Opinions of Friday, 22 May 2015

Columnist: Okoampa-Ahoofe, Kwame

Mr. Asaga, You Are The Dishonest One

By Kwame Okoampa-Ahoofe, Jr., Ph.D.
Garden City, New York
May 18, 2015
E-mail: okoampaahoofe@optimum.net

The Chief Executive Officer of the National Petroleum Authority (NPA) knows fully well that comparing the price of a gallon of auto-fuel in Ghana to the prices of the same product in Germany and Britain is like comparing oranges and apples, as Americans are wont to say (See "A Gallon Of Petrol In Germany Is Two Times The Price In Ghana - Asaga" MyJoyOnline.com / Ghanaweb.com 5/18/15). Apples and oranges are both fruits all right but, nutritionally speaking, they are not exactly the same. The minimum wage for the average worker in Germany and Britain is much higher than what prevails in Ghana under the rag-tag Mahama-led government of the National Democratic Congress (NDC).

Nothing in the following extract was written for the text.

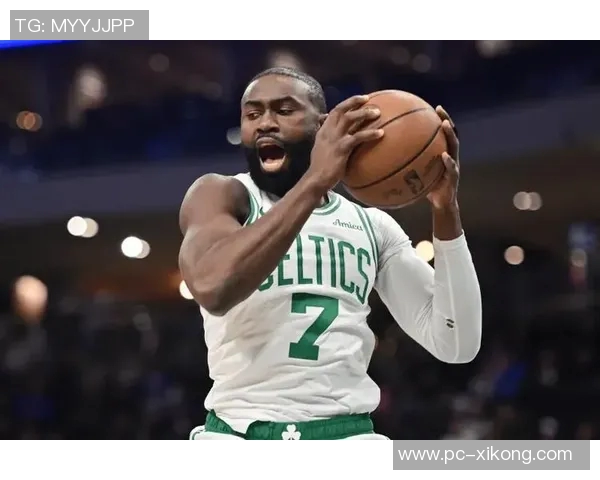 杰伦布朗半场表现平平12投仅4中贡献11分并抢下4个篮板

But what is even more significant to point out is that there is no "Dumsor" or perennially erratic power supply in Germany and Britain in the crippling manner that has drastically hobbled industrial productivity in Ghana. The problem here, by the way, is not simply about fuel hike; rather, it is about the senseless and unconscionable incongruity of increasing fuel prices at a time that industrial productivity has significantly shrunk the size of the country's economy to abysmally low levels, largely because of abjectly poor management of our energy resources by the government. Indeed, it seems as if President Mahama and his cabinet appointees are hell-bent on strangling the already woefully underemployed and underpaid Ghanaian worker.

And this is also where Mr. Moses Asaga, the CEO of NPA needs some basic schooling on how the economy works. According to Mr. Asaga, the increment of "a mere 28 pesewas" per gallon of fuel would not hurt "Ghana's middle-class" workers, among whom Mr. Asaga counts himself! And this is precisely where the former Nabdam NDC-MP may be clearly and shamefully seen to be far more dishonest than leading opposition politicians like Nana Akufo-Addo and Dr. Mahamudu Bawumia, both of whom Mr. Asaga accuses of being grossly dishonest. The fact of the matter is that Mr. Asaga squarely belongs to Ghana's upper-class. His paycheck is mandated by Article 71 of the Constitution, same as the President of Ghana and other highly placed political appointees and parliamentarians, as well as the judiciary.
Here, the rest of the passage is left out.